In this chapter, restricted Boltzmann machine-driven (RBM) algorithm is presented with an enhanced interactive estimation of distribution (IED) method for websites. Indian matrimonial websites are famous intermediates for finding marriage-partners. Matchmaking is one of the most pursued objectives in matrimonial websites. The complex evaluations and full of zip user preferences are the challenges. An interactive evolutionary algorithm with powerful evolutionary strategies is a good choice for matchmaking. Initially, an IED is generated as a probability model for the estimation of a user preference and then two RBM models, one for interested and the other for not-interested, is generated to endow with a set of appropriate matches simultaneously. In the proposed matchmaking method, the RBM model is combined with social group knowledge. Some benchmarks from the matrimonial internet site are pragmatic to empirically reveal the pre-eminence of the anticipated method.
Top1 Introduction
In the late 1990s, Indian matrimonial websites become increasingly important in the marriage market and have millions of participants (Fritzi-Marie, 2013). In the early days, uncertain moves are made through Artificial Intelligence (AI) in the matchmaking business and as machine thinking expands traction. The AI and machine learning models are together applied in the recent Matrimonial sites (Sharma, 2018). At present most of the matchmaking sites entitle to practice intellectual matchmaking algorithms that help to pair and suggest the user profiles constructed on a variety of parameters: ones perceptibly filled in by the person and ones collected through the machine learning model. In our daily lives, machine learning algorithms influences all manner: from cooking recipes to the best route to reach to work, which movie to watch or music to play next, what news up on social media, what next to buy in online shopping. Surprisingly, machine learning algorithms also determine who can be the best life partner. Of course, the algorithm is based on the furnished information and may go wrong if the information is false. Use deep learning techniques to measure the appeal of an individual.
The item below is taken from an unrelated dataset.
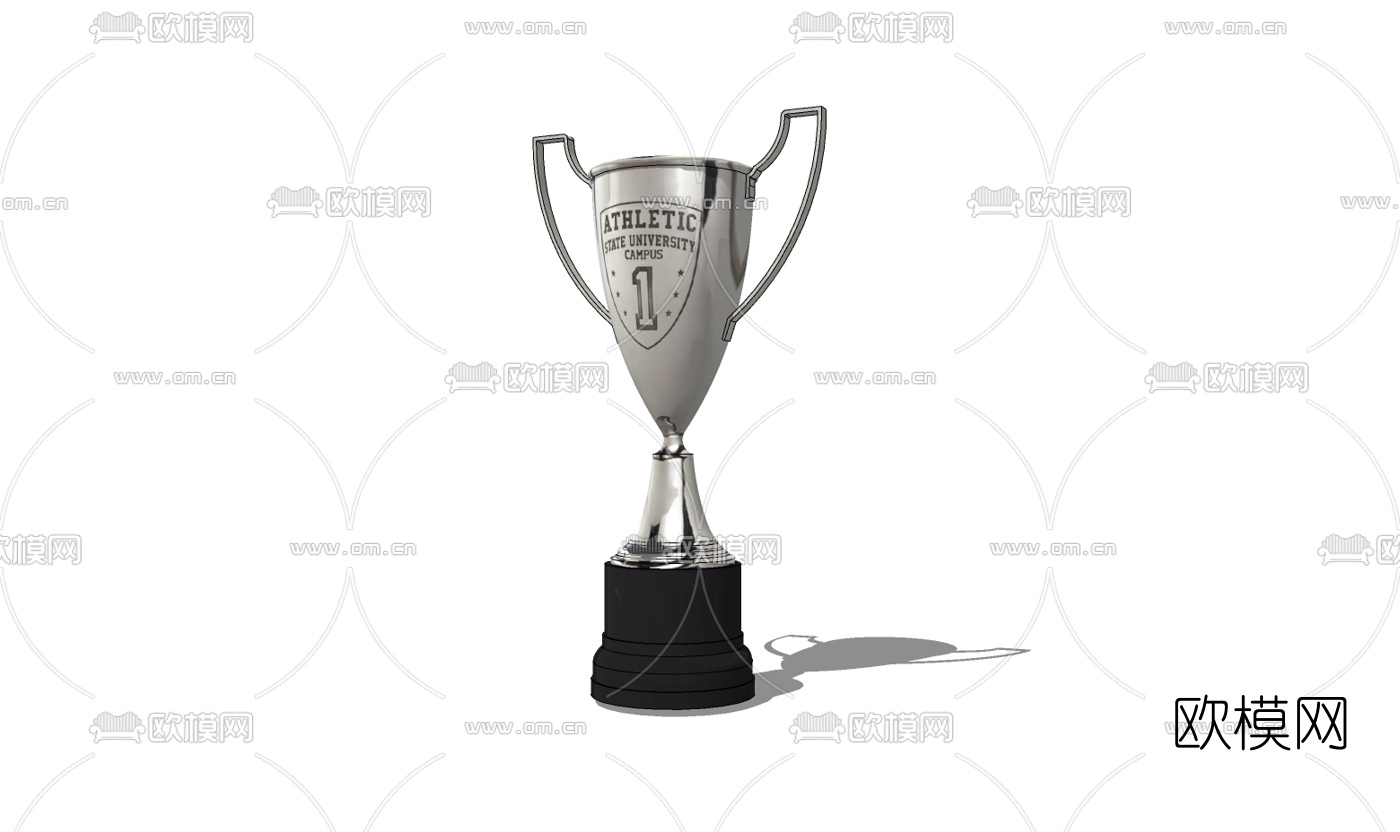 现代奖杯免费su模型下载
India is one of the highest population countries that all we know at the same time it is the only country which has the largest young generation people with less than 25 years old. So, the data-driven procedures are applied to India’s matrimonial giants. Later in 2015, The Matrimony.com group has introduced a Matchmaking Algorithm called MIMA (Matrimony.com’s Intelligent Matchmaking Algorithm) (Sharma, 2018), which give immediate recommendations on profiles suitable to the user by applying techniques of machine learning and arithmetical rules (Jha, 2015). Subsequently launching MIMA matrimonial websites provide substantial growth in end-user-to-end-user metrics and these metrics have a balanced boost with incessant enhancements to the algorithm. As the result, the algorithm doubles the business and the users are attracted by MIMA recommended profile that significantly increases to “two-digit user finding matches” and it leads to marriage. Finally, the MIMA algorithms improve the business with great customer satisfaction.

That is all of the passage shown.